Black Ribbons is a concept album, sharing conceptual space with Queensryche's Operation: Mindcrime and musical space (as described pretty well here) with artists as diverse as Roger Waters, Black Rebel Motorcycle Club, The Faint (particularly on "Fuck You I'm Famous"), And You Will Know Us By The Trail of Dead, Nine Inch Nails, and The Doves (particularly on "The Illuminated.") That it accomplishes this without sounding derivative of any of them is no small feat. Stephen King enters into things by way of providing the voice (and adding to the text originally written by Shooter) for "Will o'the Wisp," a DJ who has barricaded himself in the studio. We hear his last rants in-between songs he plays by the band Hierophant that bemoan the fate-of-the-world , and then the feds break down the door and gun him down.

So what is this thing? A vanity project? Paranoid rants around which some tunes were thrown together? Or is it a collection of songs given a false "through-thread" with the paranoid rants?

I'm happy to report that no, neither of these is the case; it's a kick-ass album. The rants are great, the songs are great, and it holds together as a solid effort as well as any other concept album you could mention, from The Who's Tommy to Kiss's The Elder. 

One of the above endorsements might be a bit tongue-in-cheek.
When I first heard this a few years back, I concentrated mainly on te rants, not because King was doing them - like I say, this was out of context for the King's Highway project - but because they're well-written and not entirely unreasonable. Taken to an extreme, no doubt, but I love this kind of stuff. This time around, I tried to evaluate how well they integrated with the rest of the album, as well as giving the songs a few listens apiece. And focused a lot more on the fact that this is Stephen King delivering this performance. I love radio, radio programs, audiobooks, you name it, so add all this together and each spin was a focused beam of acoustic appreciation. 
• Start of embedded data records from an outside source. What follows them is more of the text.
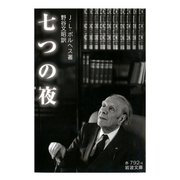 七つの夜（岩波書店） [電子書籍]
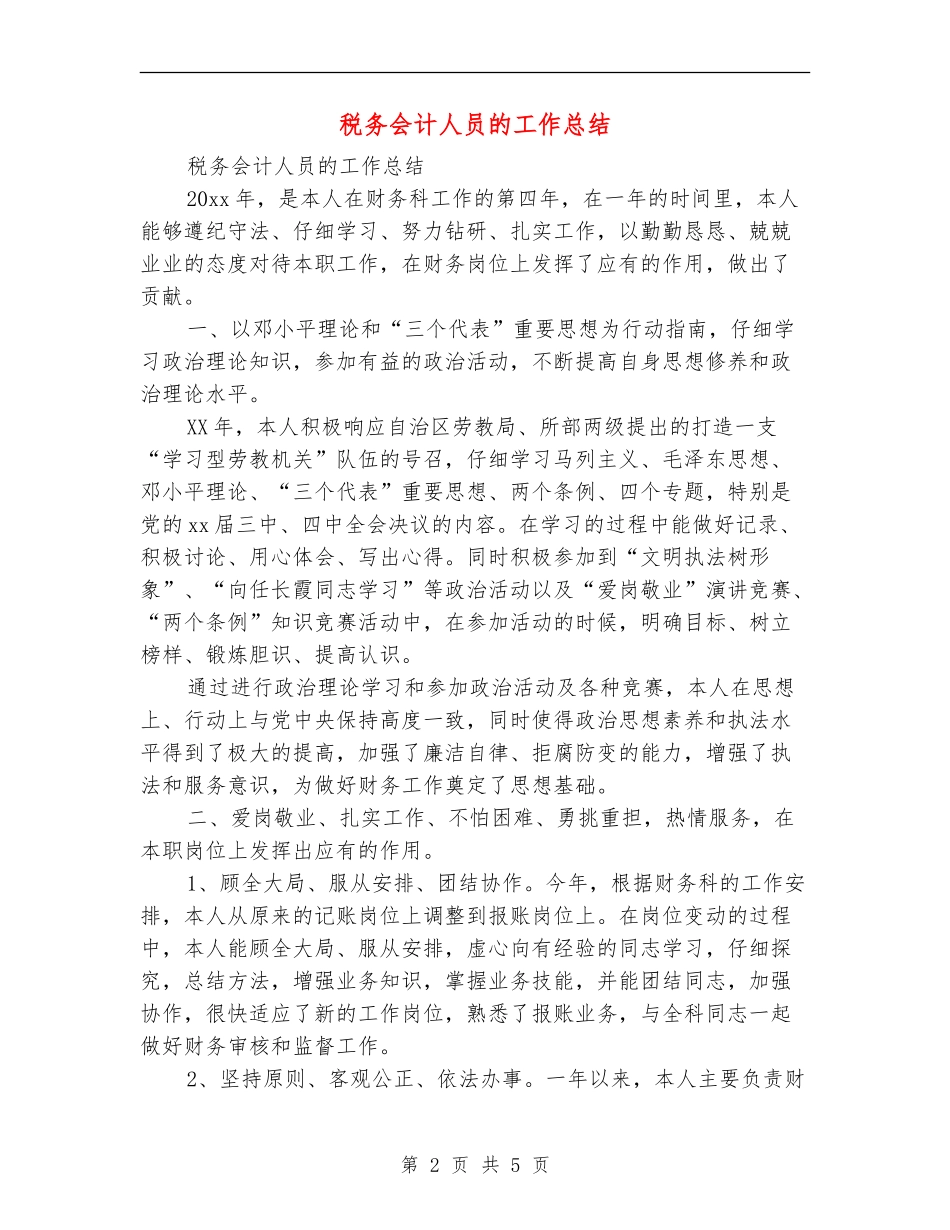 税务会计人员的工作总结_第2页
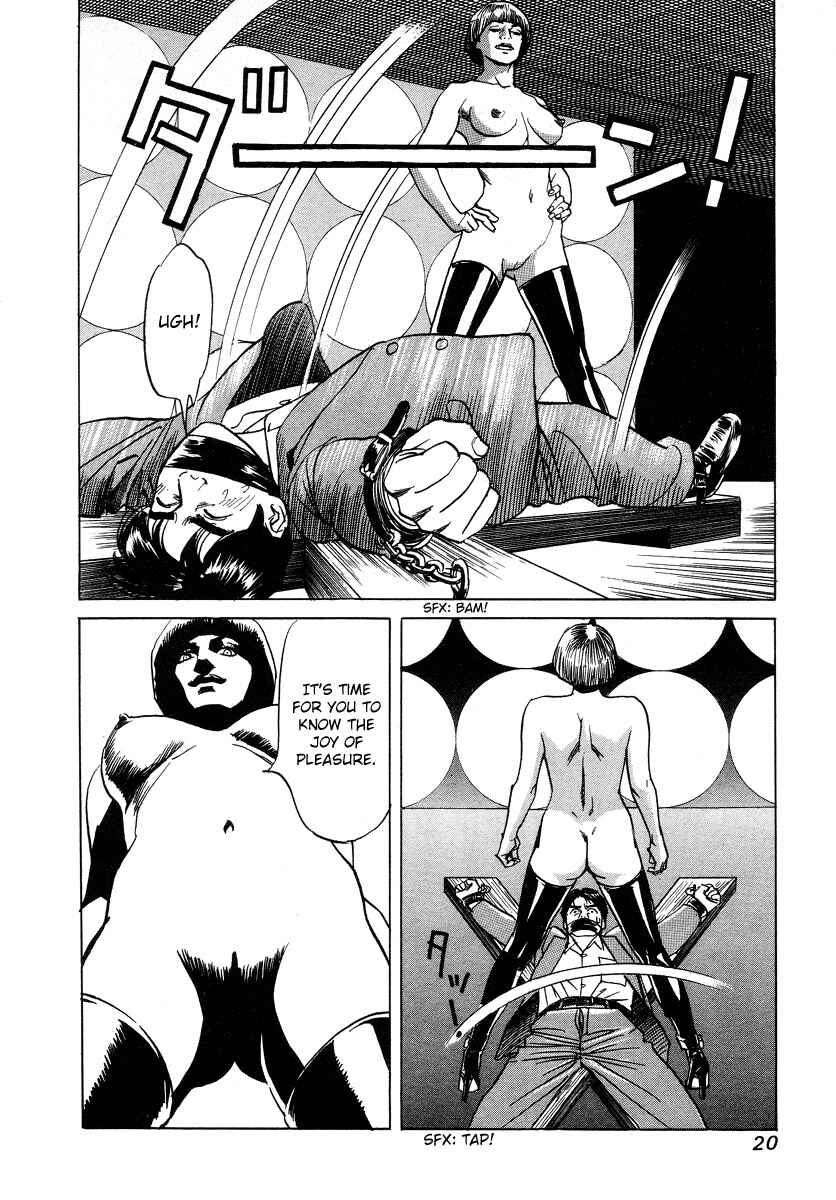 Page 22 Chapter 10 Cambrian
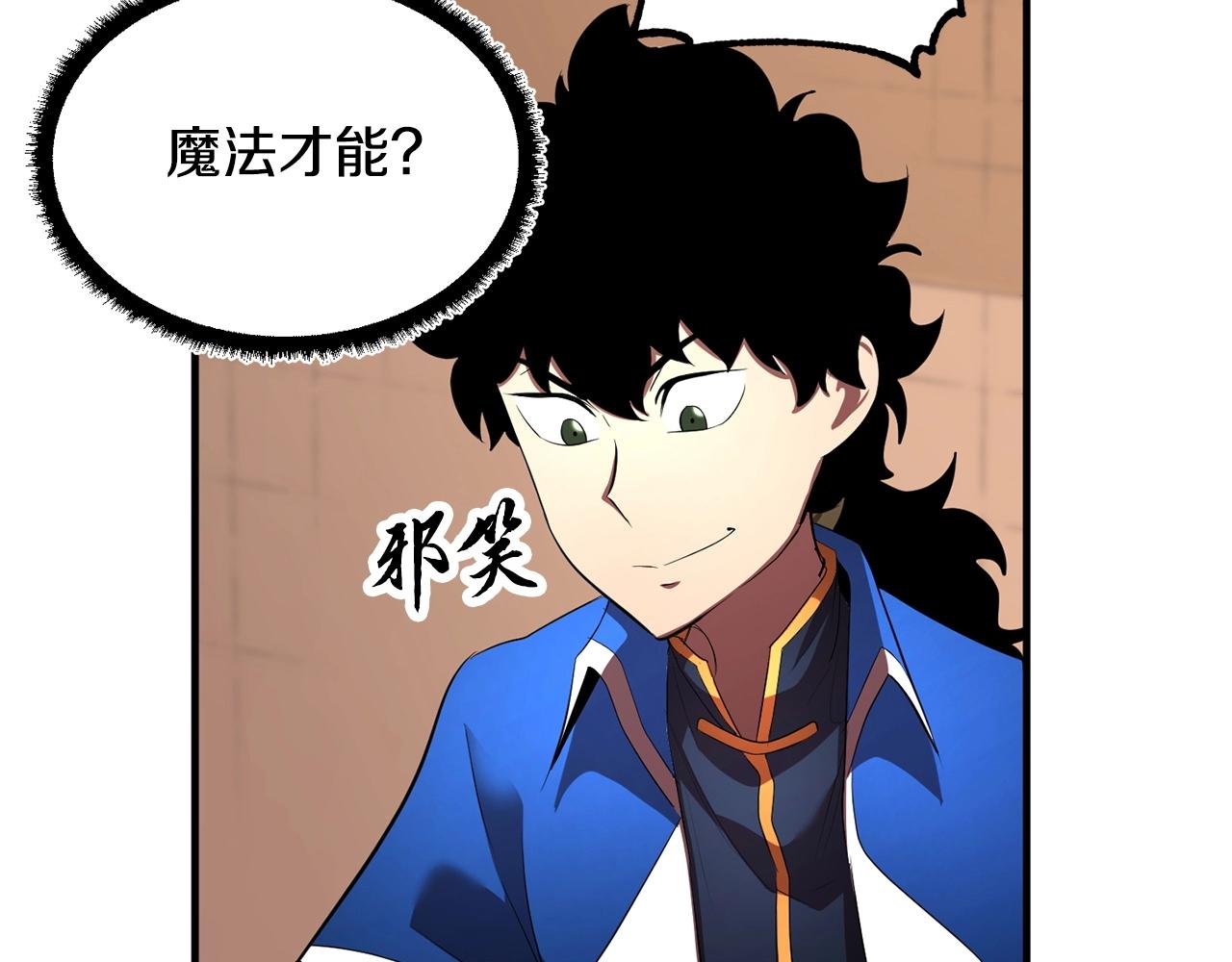 第51话 属性修炼113
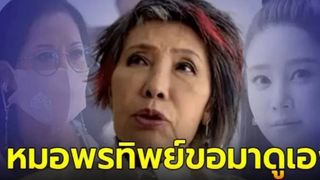 แม่แตงโม สงสัยแผลที่ศีรษะ ฟันหัก หมอพรทิพย์ อาสามาดูเอง 16 มีนานี้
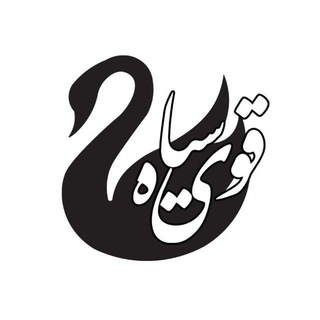 Telegram profile photo for 【قُوی سیاه】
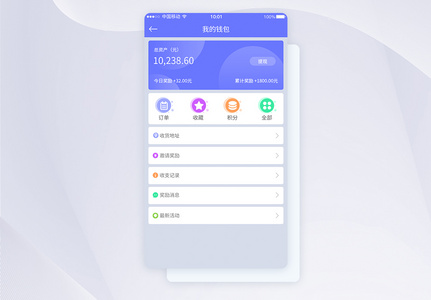 UI设计我的钱包APP界面高清图片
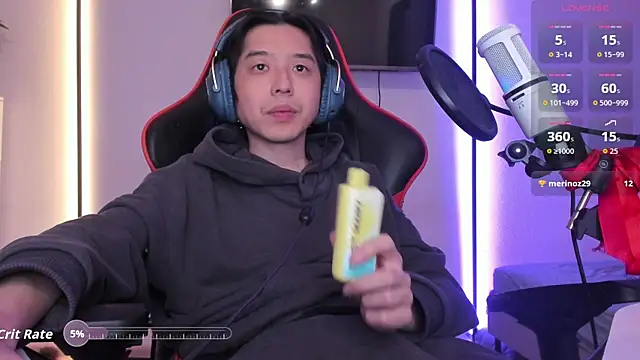 Snapshot of wexlee7 chatting on 10-16-25, 10:55 wexlee7 online show from 10-16-25, 10:55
I won't break it down song-by-song, but here are my observations:

 - Well, first, here's the wiki, if you want a garden-variety breakdown / some quotes on Shooter's approach and inspiration.

- I know at least one reader of this blog will enjoy the shout-out on track ten to Carol Pearson. I've never read Pearson's book The Hero Within, but, as has been mentioned elsewhere and many times, I'm familiar enough with the concept of the archetype and as sympathetic to it as I am to eff-the-NWO rants.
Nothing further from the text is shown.